Beschadigd door wormen
Stof gemaakt van eiwitvezelis gemakkelijk te worden beschadigd door wormen. Omdat wollen stoffen keratoproteïne bevatten, kan dit door wormen worden beschadigd. Hoewel katoen, vlas en kunstvezels geen eiwitten bevatten, blijft er tijdens de verwerking of verpakking een reststof achter en kunnen deze door wormen worden beschadigd.

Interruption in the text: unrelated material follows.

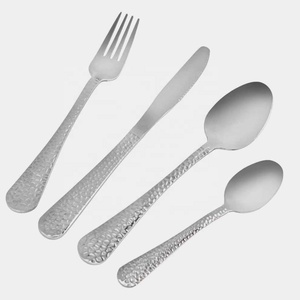 Ensemble de couverts en acier inoxydable plaqué argent avec un design moderne unique, manche épais en céramique de haute qualité, couverts exceptionnels - Product Image 2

De preventiemaatregel tegen wormen is om de stof schoon, droog en geventileerd te houden. Het verpakkingsmateriaal moet zorgvuldig worden gecontroleerd voordat het wordt opgeslagen. De planken en het beddengoed moeten worden gedesinfecteerd. Het magazijn moet schoon worden gehouden om te voorkomen dat olievlekken en vuil de stoffen verontreinigen.
Vergeling en kleurverandering
Als er sprake is van onrein inzepen en dechloreren tijdens het schuren en bleken, of transpiratievlekken tijdens het knippen en naaien, of onvoldoende koeling na het strijken en heet verpakken, zal de stof teveel vocht opnemen, waardoor gebleekte stof vergeelt. Of destofAls het te lang, te vochtig en slecht geventileerd wordt bewaard, zal het ook vergelen. Sommige textielstoffen die met directe kleurstoffen zijn verwerkt, zullen vervagen door wind en zon.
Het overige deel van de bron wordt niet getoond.